Mutex and Block Profiling — Middle¶
1. The middle-engineer workflow¶
You have a service that's slow. CPU isn't pegged. Latency p99 is 80 ms when the median is 4 ms. Where do you look?
The deterministic order:
- CPU profile — confirm we're not just burning CPU.
- Goroutine profile — count what's parked, in what state.
- Mutex + block profile — find which primitive is the bottleneck.
- Execution trace — only if the above didn't pin it down.
This file is about steps 2–3. The CPU profile lives in 01-cpu-profiling; the trace lives in 07-trace-tool.
2. The minimum production setup¶
package main
import (
_ "net/http/pprof"
"net/http"
"runtime"
)
func init() {
runtime.SetMutexProfileFraction(100)
runtime.SetBlockProfileRate(10000) // ~10 μs threshold
go func() {
_ = http.ListenAndServe("127.0.0.1:6060", nil) // localhost only
}()
}
Three things to internalise:
- The
initruns beforemain, so profiling is on from the very first request. - Binding to
127.0.0.1keeps the pprof endpoints off the public internet — they leak source paths. - The rates above (
100,10000) are conservative defaults. You can lower them in staging when chasing a specific bug.
3. Mutex profile vs. block profile, properly¶
The two profiles overlap on mutex contention but answer different questions.
| Aspect | Mutex profile | Block profile |
|---|---|---|
| Triggered at | Unlock() (after a waiter has been parked) | Goroutine park time on any sync primitive |
| Stack attributed | The unlocker | The waiter |
| Sampling | 1 in N events | Per-event probability delay / rate |
| Covers | Mutex, RWMutex only | Mutex, channel, select, Cond, WaitGroup, time.Sleep |
| Best for | "Which code holds locks too long?" | "Which code waits the most?" |
A typical session uses both. The mutex profile names the offender; the block profile shows whether the symptom is one big lock, one slow channel, or fan-out across several primitives.
4. Capturing a delta¶
A snapshot at t=0 contains samples accumulated since startup. To investigate "what happened during this 60-second window", take two snapshots and diff them:
curl -s "http://localhost:6060/debug/pprof/mutex" -o m1.pb.gz
sleep 60
curl -s "http://localhost:6060/debug/pprof/mutex" -o m2.pb.gz
go tool pprof -base m1.pb.gz m2.pb.gz
In the pprof prompt:
list is the killer feature: it prints the source code annotated with per-line contention totals, so you see which exact line inside a function is the bottleneck.
5. Reading the top line¶
(pprof) top -cum
Showing nodes accounting for 4.2s, 96.5% of 4.35s total
flat flat% sum% cum cum%
1.2s 27.5% 27.5% 4.2s 96.5% main.(*Cache).Get
1.1s 25.2% 52.7% 3.8s 87.3% main.(*Cache).put
...
Interpretation:
flatis contention attributed directly to that frame.cum(cumulative) includes everything that frame's callees did.main.(*Cache).Getis the top bycum: somewhere underneath it, lots of waiting happens.

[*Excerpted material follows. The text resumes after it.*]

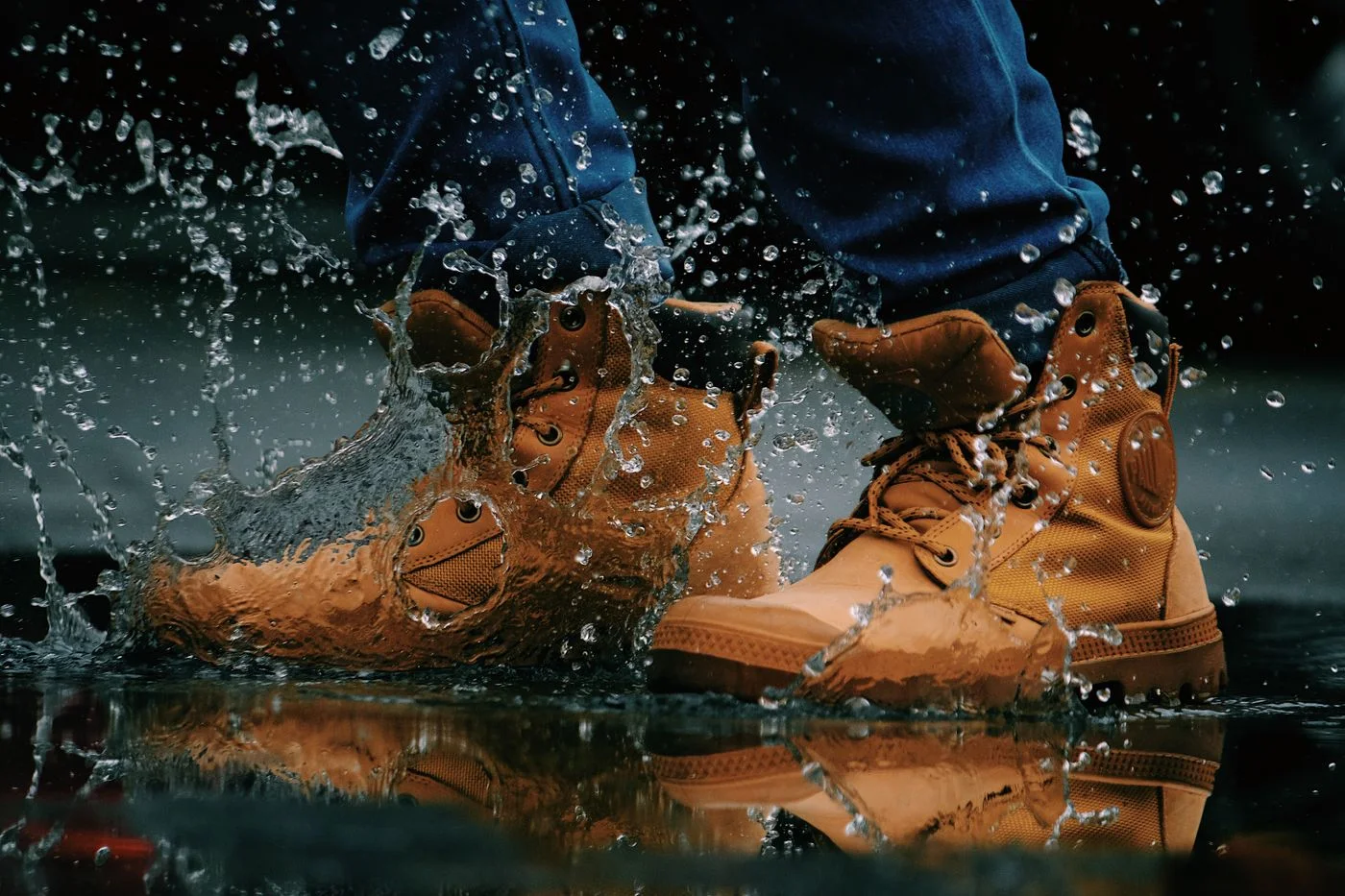 Hiking boots stepping through a puddle.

Drop down with list main.(*Cache).Get to find the actual mu.Lock() line.
6. Three contention patterns you will keep seeing¶
Pattern A: the single global lock¶
var (
mu sync.Mutex
cache = map[string]Value{}
)
func Get(k string) Value {
mu.Lock()
defer mu.Unlock()
return cache[k]
}
The mutex profile points at Get. The block profile shows everyone parked on Lock. Total contention scales linearly with QPS. Fixes: sync.RWMutex, sharding, or sync.Map.
Pattern B: the oversized critical section¶
The lock is held for the whole computation. Move work outside:
Mutex profiles light up on the compute call line inside the locked region.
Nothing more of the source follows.